4. September 2011

Aktion deutscher Film

Denk ich an deutsche Filme in der Nacht...

...bin ich um den Schlaf gebracht. Oder aber auch nicht. So schlimm steht es um meine Aversion gegenüber der hiesigen Filmerzeugnisse auch nicht. Immerhin soll ja schon allein wegen des Blognamens eine Offenheit gegenüber den unterschiedlichsten Filmen aus aller herren Länder eigentlich eine Selbstverständlichkeit sein. Und tatsächlich: je exotischer das Land, aus dem das Werk stammt, desto interessierter werde ich. Oder wie viele von euch haben schon jemals einen Film aus der Mongolei (in meinem Falle Der Dieb von Ulan-Bator) gesehen? Doch das Land von Dschingis Khan soll nicht unser Thema sein. Die Überschrift deutet es an: es geht um Filme aus unserem Heimatland. Und ausgerechnet immer dann, wenn der Begriff "deutscher Film" an mein Ohr dringt, so wird selbst so einem großen und aufgeschlossenem Filmfreund wie mir kurzzeitig mulmig.

Aber die Aktion, zu die unser liebenswerter, intergalaktischer Affenmensch aufgerufen hat, dient keineswegs dazu, deutsche Filme in Grund und Boden zu dissen. Das Gegenteil ist der Fall. Mit seiner Aktion möchte er zu einem gemeinschaftlichen Erleben von Filmen aus Deutschland, Österreich und der Schweiz anregen und somit auch dem vergessen so mancher kleinen Perle aus diesen Ländern entgegenwirken. Lange hat es gedauert, bis mein Artikel zu dieser Aktion das Licht der Welt erblickte, versprach ich dem werten Bloggerkollegen doch schon vor einiger Zeit in einer Mail auf Dirty Pictures, bei seiner Aktion mitzumachen. Akkuter Zeitmangel hat die Geburt des Artikels etwas verzögert.

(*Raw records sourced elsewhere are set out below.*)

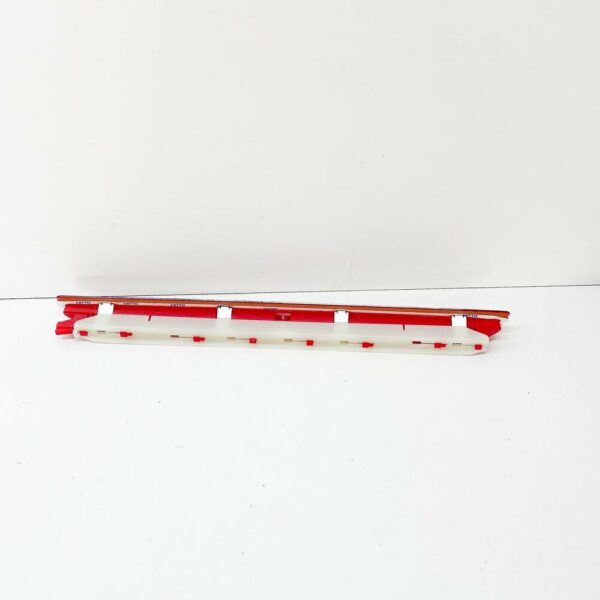 7P6945087B - NEW VOLKSWAGEN AMAROK ADDITIONAL BRAKE STOP LIGHT 7P6945087B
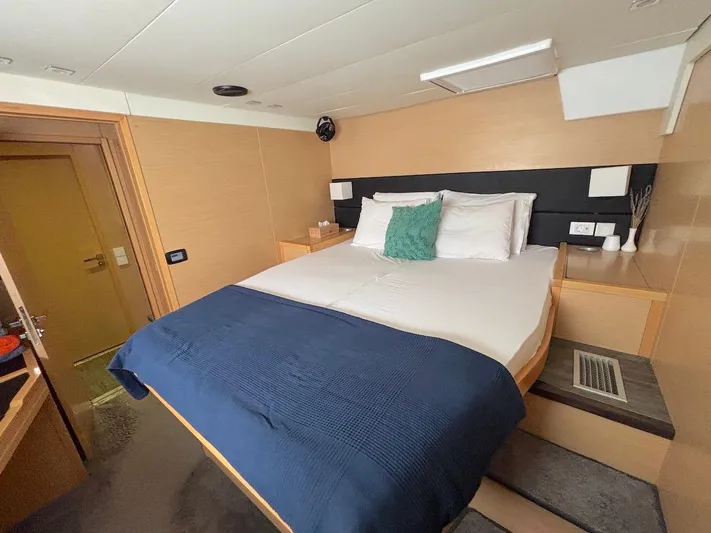 Avra Yacht Photos Pics 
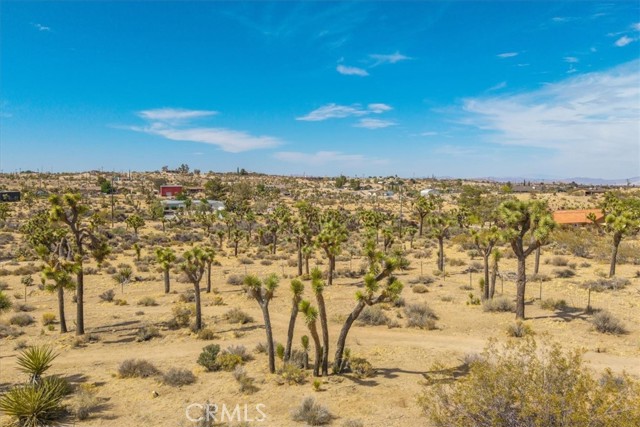 5115 Warren Vista Avenue, Yucca Valley CA: https://media.crmls.org/medias/f46110c0-ee48-48cd-97ce-34e41f758b63.jpg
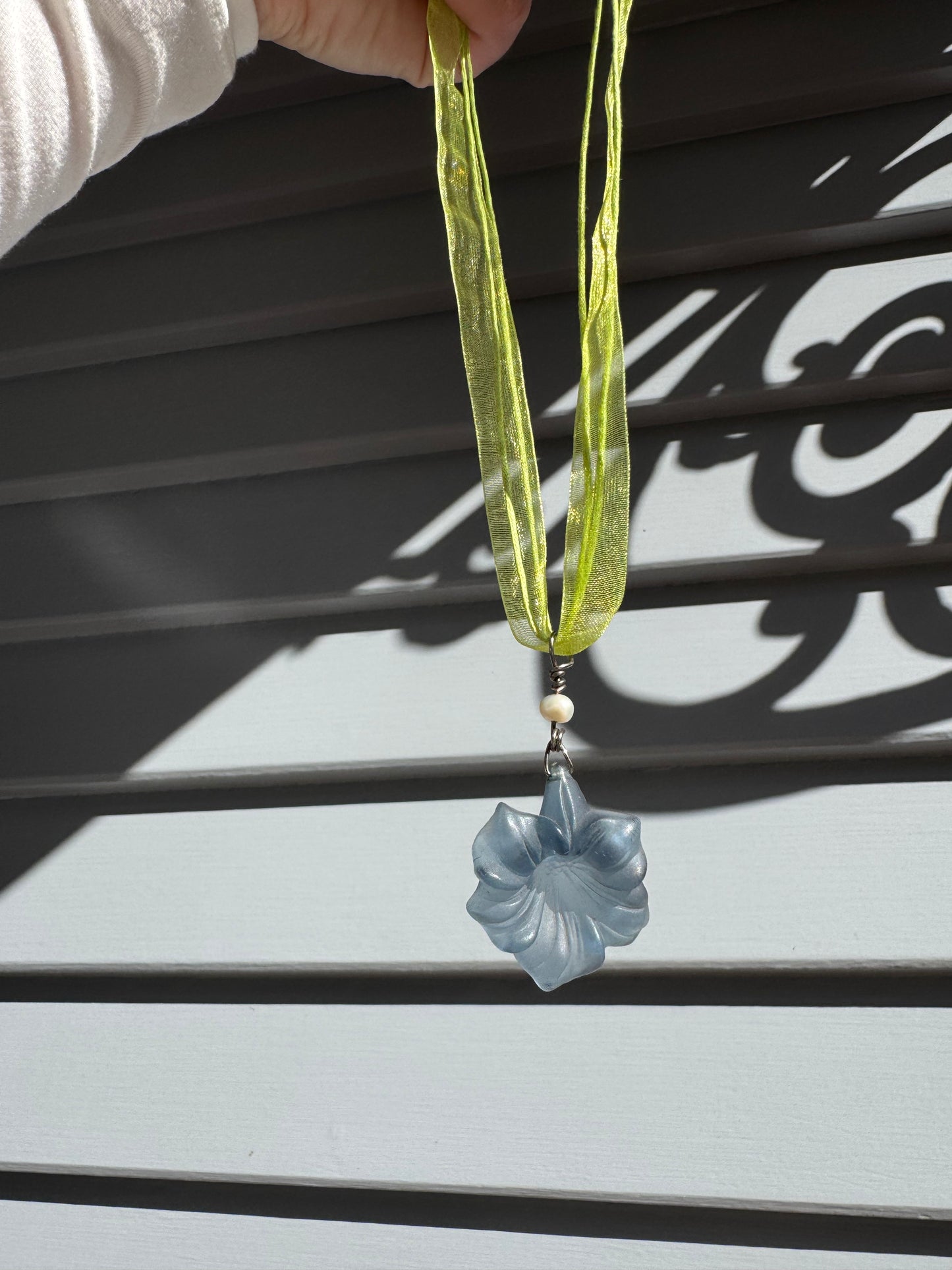 Green Necklace With Floral Pendant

Doch wie sagt man so schön: was lange währt, wird endlich gut! Und zuallererst bekenne ich mich schuldig. Zu Anfang meiner "Karriere" als Cineast hatte ich hiesigen Filmen gegenüber genauso große Vorbehalte wie ein großer Teil des durchschnittlichen Filmguckers, der nur Mainstream-Fast Food aus der ehemaligen Traumfabrik gewohnt ist. Erst nach und nach, mit den Jahren, bemerkte ich, was für durchaus feine, ja sogar meisterliche Stücke an Film in Deutschland entstanden!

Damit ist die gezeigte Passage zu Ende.